Sunday, October 25, 2020

Into The Woods Is Where It Can Be Found

Into The Woods Is Where It Can Be Found
By: Kelli J Gavin 
For Writers Unite!


As a small child, my mother once told me that she had a secret to share with my sister and I. I loved the idea of a secret being shared and immediately she captivated our attention. She pulled my sister and I near to her on the bottom stair of our small back porch. 


  "First, I need to disclose that I have never been able to find what I am about to tell you. When your dad and I moved into this home in 1972, Shirley who lives in the backwoods stopped over to greet us. She told me that she was never so lucky to verify it either, but she was also told that there may still be a fairy home in these woods. She and I walked these woods together and I firmly believe from the stories that she shared that it is true. Can you believe it? A fairy!"


  Our eyes as big as saucers, she had our full attention. A real fair house could be in the woods behind our home but she and Shirley had never been able to find it? Even my young mind knew how outlandish the story sounded. Fairies were only found in books and in movies. I, at 6 or 7 at the time, knew better. I knew about Santa and the Easter Bunny and even The Tooth Fairy. My mother was a woman of her word. Why was she telling me a story about a fairy home if fairies weren't real? 


  "Mom, I think you are telling us a story. You are just teasing us." I spouted.


  "Kelli, what I say is true. I have shared the story with you about the fact that it is said a fairy home can be found in the woods behind our home. It is up to you whether or not you believe it to be true. It is also up to you to decide whether or not you are going to search for it."


  Angela, my older sister smiled as my mom stood up and opened the backdoor to enter our home. 


  "It isn't real. Just a fun story." Angela then stood quickly and ran off to play. 


  Sitting for a few more moments, I really contemplated what our mom had shared. I knew that my sister didn't believe it was true, but what if it was? Our dad was usually the joker, not our mom. So why would she share a story that wasn't true? 


  I decided right there and then I wouldn't say another word about it to my sister or to my mom, but I would keep my eyes peeled just in case I could find the fairy home. 


  I searched deep in the woods that summer.

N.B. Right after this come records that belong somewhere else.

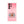 553722af-b817-46e0-9b64-3fb1599be86d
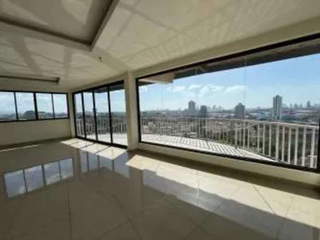 Apartment for Sale in Altos de Panamá - 3 bedrooms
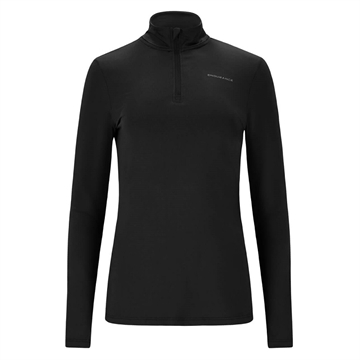 Endurance Jaelyn Midlayer Løbetrøje til kvinder e223515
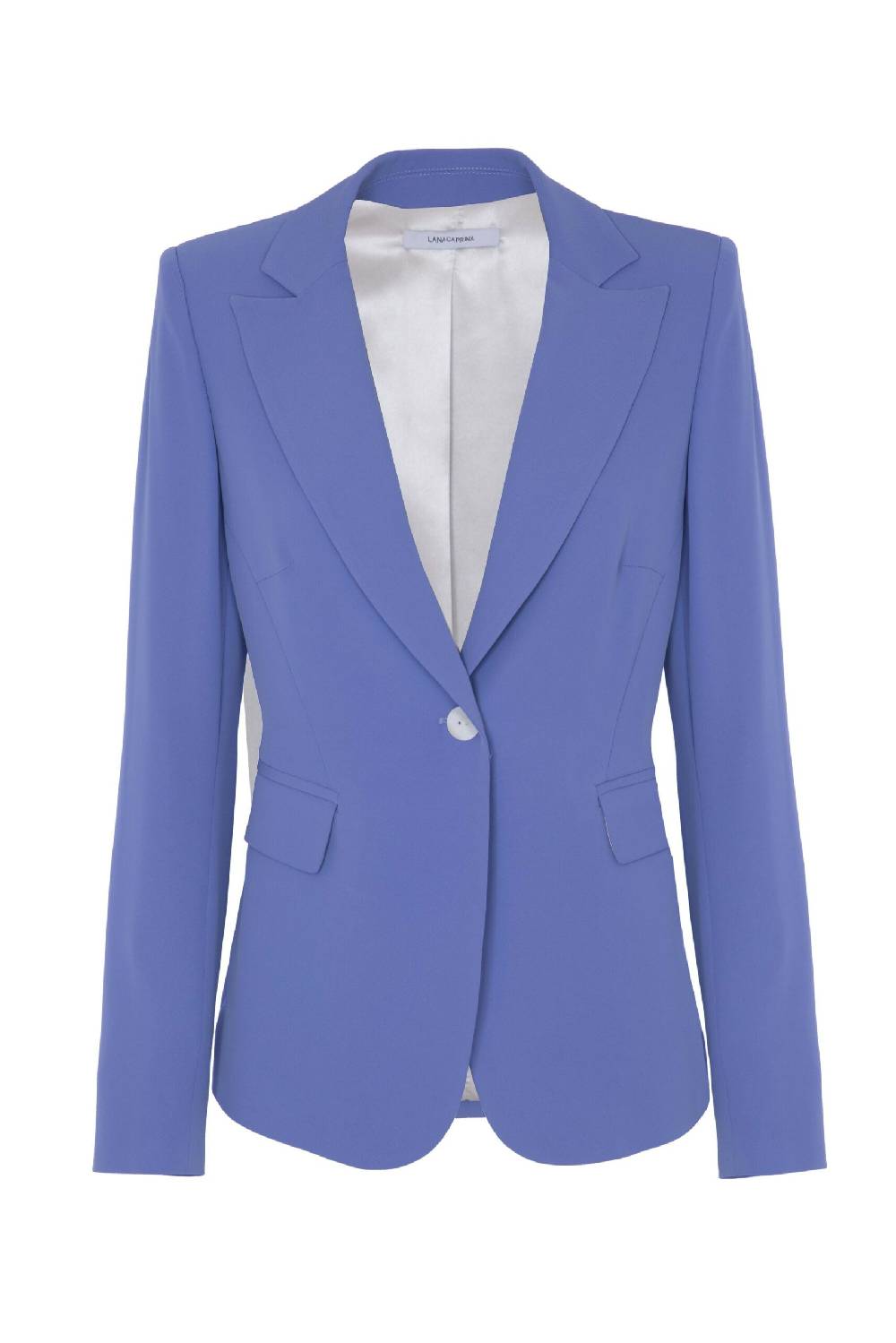 Lanacaprina GIACCA Moda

I checked under downed trees, and I attempted to move large bows that had fallen to the ground from the canopy above. I occasionally even brought a blanket so that I could sit on the forest floor and see things down below where only my feet would tread. I didn't see a fairy house, but I was thankful for the blanket. I avoided a mean patch of poison ivy and a few hungry giant ants. 


  Searching for the fairy house became something I would do almost daily, whenever I had free time and could explore. Really never giving up the idea, I may have even kept my eyes open even into my teens years. My rational mind knew that it wasn't possible, but it would make for the most fantastic story to tell others if for some reason I really did find it. 

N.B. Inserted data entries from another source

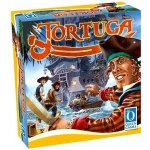 Queen Games Tortuga – Hledejceny.cz
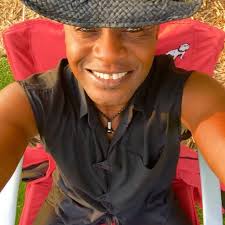 BEST of Buford, GA 30518 New Years Eve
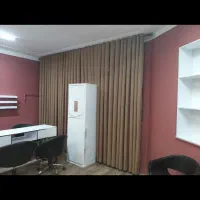 لوازم خانگی و وسایل|دفتر کار|اهواز, گلستان|دیوار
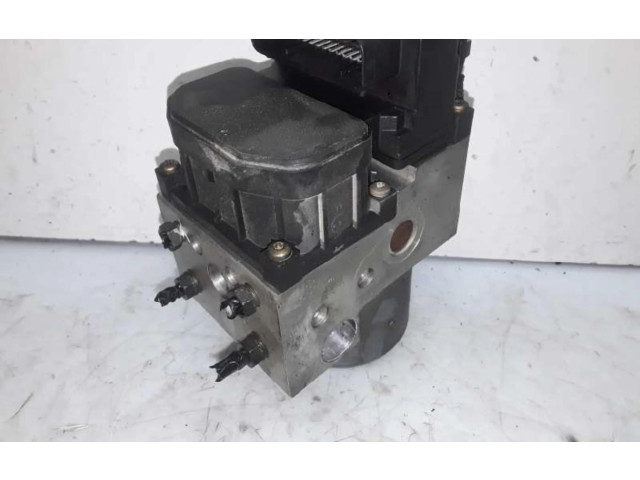 Jednotka ABS 0273004270   Peugeot 406 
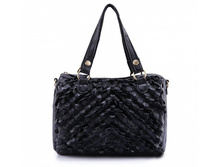 AW1508/36 Lacey ������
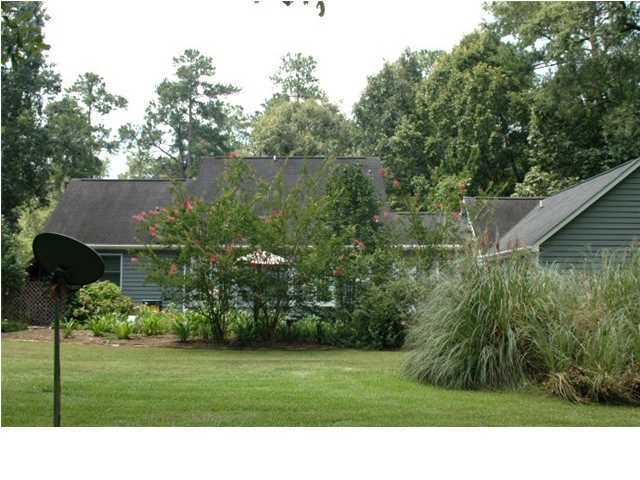 6050 County Line Road Ravenel, SC 29470 - Photo 20 of 24 Additional Photo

  When I turned 16, my mom gave me the most beautifully illustrated book all about fairies. Originally written in the early 1900's, it was all about a young girl who was convinced that fairies existed and she documented her findings. 


  "Kelli, I know you are far too old to believe in fairies and the fairy home that I told you about when you were little, but I thought you would appreciate this book that I also enjoyed when I was young. I also wonder if it won't inspire you to write a few more stories about the fairies that we have been told live behind our home."


  Learning that afternoon that my mom had shared the story with me to inspire me while writing and to fire up my imagination, I appreciated her efforts even more. My mom shared something special with me that she also adored. A story, a book and the desire to never stop searching for the truth.


  I never did find a fairy home, but I continued to write stories, search for truth when need be and to always share the joy and fascination of what could possibly exist in the woods behind our home with my children now. My 14 year old daughter and 17 year old son no longer believe in such things, but my heart beams when my daughter will pull my mother's beloved fairy book from the shelf. She will sit on the end of the couch with the light shining in from the afternoon sun and marvel at the illustrations. She will smile at me when I catch her eye. The best stories are the stories that are passed from generation to the next. And I am sure my daughter will someday share the book with her children and the story of the fairy home behind their grandma's childhood home. 


Friday, October 16, 2020

Best Story Possible

 I felt utterly discouraged. I wrote a well written 5,000 word short story, it hooked the reader from the start and was different from anything I had written prior. I had never written a story of such length in a day before, and loved that the idea came to me so quickly. I edited it the next day and sent it in. Completed the entire project within 48 hours. 

  And a few days later, a decline email was sent. A thank you, but no thanks. I began to second guess myself. Was most of my writing crap and I had somewhere along the line developed an inflated sense of self and believed that I could write, when really the opposite was true? Why was I continuing to put my work out there and to see it turned down, time and time again?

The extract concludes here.